U.S. President Barack Obama told Lebanese President Michel Suleiman this week he wants Lebanon to be strong, independent, and democratic. But Mr. Obama also told his White House visitor to clamp down on arms smuggling into the country – something Mr. Obama sees as a potential threat to neighboring Israel.
“Lebanon is a critical country in a critical region,” President Obama said, noting that what happens in Lebanon has an impact far beyond its borders. He told President Suleiman that a U.N. resolution calling on Hezbollah to disarm must be enforced. Washington is concerned about arms that are being smuggled to Hezbollah militants in southern Lebanon.
The Lebanese parliament recently approved a statement by Prime Minister Sa’ad Hariri, which endorsed Hezbollah’s right to keep its weapons for defense against Israel. Hezbollah fought a month-long war with Israel in 2006.

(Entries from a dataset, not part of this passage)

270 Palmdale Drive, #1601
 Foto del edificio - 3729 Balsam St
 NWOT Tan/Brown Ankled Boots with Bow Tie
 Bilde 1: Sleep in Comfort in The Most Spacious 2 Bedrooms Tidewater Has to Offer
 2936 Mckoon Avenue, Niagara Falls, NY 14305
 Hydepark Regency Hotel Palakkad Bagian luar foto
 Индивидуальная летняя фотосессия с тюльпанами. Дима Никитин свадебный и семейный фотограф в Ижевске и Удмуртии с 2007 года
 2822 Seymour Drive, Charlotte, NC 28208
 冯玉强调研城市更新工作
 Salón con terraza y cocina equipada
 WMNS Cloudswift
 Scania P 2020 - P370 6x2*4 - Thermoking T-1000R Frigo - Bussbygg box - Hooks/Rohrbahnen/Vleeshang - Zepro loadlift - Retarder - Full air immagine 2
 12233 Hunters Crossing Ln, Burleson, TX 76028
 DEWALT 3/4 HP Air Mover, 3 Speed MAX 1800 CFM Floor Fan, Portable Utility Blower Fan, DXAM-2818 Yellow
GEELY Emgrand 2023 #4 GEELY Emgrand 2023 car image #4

Central Role of the Lebanese Army
Lebanese journalist Hanna Anbar, associate publisher of the English-language Daily Star newspaper in Beirut, says the underlying difficulty is that Lebanon’s central government, which is composed of many religious and ethnic factions, is weak. And so, the continued supply of U.S. arms is critical.
“A strong government cannot function without a strong army,” Anbar said. “And for the past few years, it was the army that kept the balance in this country when it was on the verge of sectarian conflict.”
Nadia Bilbassy, senior news correspondent for the Middle East Broadcasting Center, agrees that the Lebanese Army is critical to a stable civilian government. “The only problem is that it’s not strong enough. If it wanted to, Hezbollah could overrun the army overnight.”
Israeli Concerns about Its Northern Neighbor
Israeli journalist Nathan Guttman of the Jewish Daily Forward said the military situation in southern Lebanon is of enormous concern to Israelis, and Iran and Syria’s support for Hezbollah is especially worrisome. “U.N. Resolution 1701 after the Lebanon war 2-1/2 years ago was supposed to make sure Hezbollah was disarmed, and that arms don’t flow into southern Lebanon, but this has not happened,” he said.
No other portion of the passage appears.